In our experience, the Root Test is the least used series test to test for convergence or divergence (which is why it appears last in the infinite series table). The reason is that it is used only in very specific cases, whereas the other tests can be used for a broader range of problems. However, it can be used to determine convergence or divergence much easier than using other techniques in these very specific cases. 

Root Test 

For the series \( \sum{a_n} \), let \( \displaystyle{L = \lim_{n \to \infty}{\sqrt[n]{a_n}}} \).
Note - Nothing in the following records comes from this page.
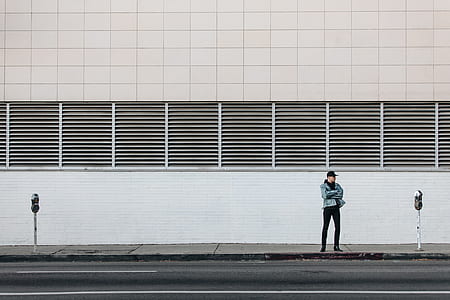 man standing on street beside concrete wall thumbnail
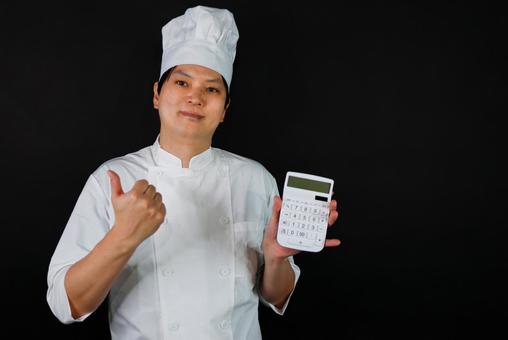 計算機を持つシェフ シェフ,料理人,帽子の写真素材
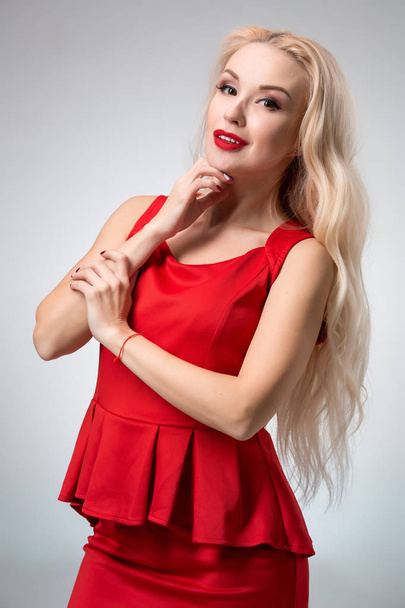 Okouzlující mladá žena v červených šatech na šedém pozadí - Fotografie, Obrázek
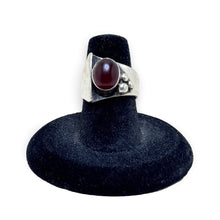 925Collection vintage sterling silver ring featuring an asymmetrical design and a round red carnelian gemstone.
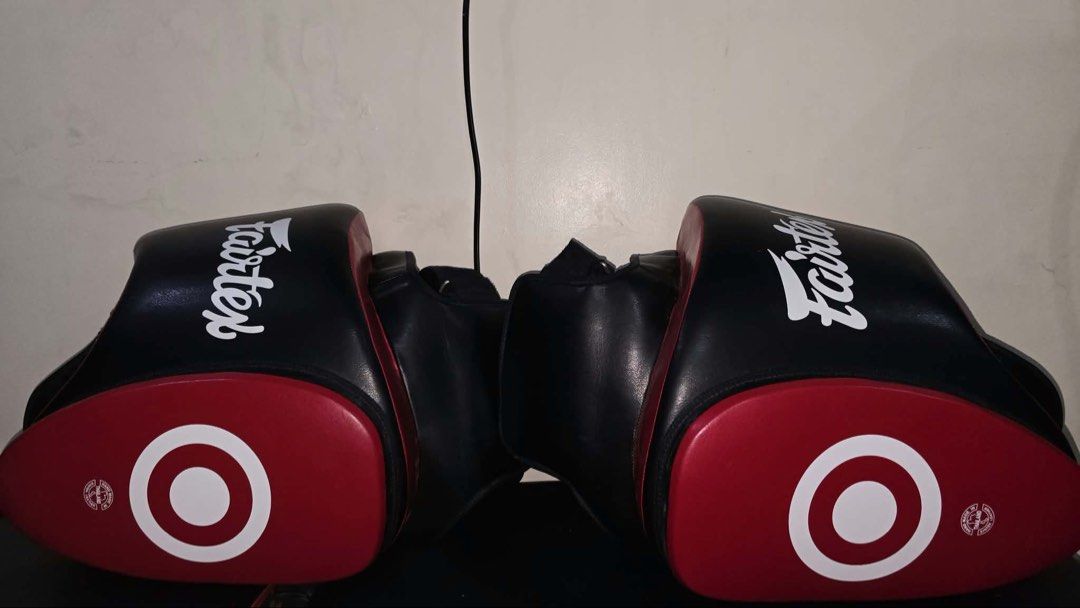 Fairtex Ultra Lite Thigh Pad TP5 (Black/Red) (Category: Combat Sports) located in Caloocan City. Submitted by yiyilittlethings (Listing ID 1466293996, Image 3). Description: Fairtex Ultra Lite Thigh Pad TP5 (Black/Red) Condition: Not used, new Original Price: 175 USD Price: 6k.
When To Use The Root Test 

The Root Test is used when you have a function of n that also contains a power with an n. The idea is to remove or change the n in the power. The test itself is fairly straightforward. You just need some practice using it to know under what conditions it is best to use it. One good way to learn when to use this test is by building example pages as described in the Study Techniques section.
Some Helpful Rules 

A powerful rule that will be useful when using the root test is \(\displaystyle{ \lim_{n \to \infty}{\ln(f(n))} = \ln\left( \lim_{n \to \infty}{f(n)} \right) }\)
This is true because the natural log function is continuous. Here are a few additional rules that may be useful.
\(\displaystyle{ \lim_{n \to \infty}{ \sqrt[n]{p}} = 1 }\) 
\(p\) is a positive constant 
\(\displaystyle{ \lim_{n \to \infty}{\sqrt[n]{n^p}} = 1 }\) 
\(p\) is a positive constant 
\(\displaystyle{ \lim_{n \to \infty}{\sqrt[n]{n}} = 1 }\) 
special case of previous line with \(p=1\) 
\(\displaystyle{ \lim_{n \to \infty}{\sqrt[n]{\ln~n}} = 1 }\) 

\(\displaystyle{ \lim_{n \to \infty}{\sqrt[n]{n!}} = \infty }\) 
We prove the first four rules above as practice problems on the L'Hôpital's Rule page. The last one can be proven using Stirlings Formula.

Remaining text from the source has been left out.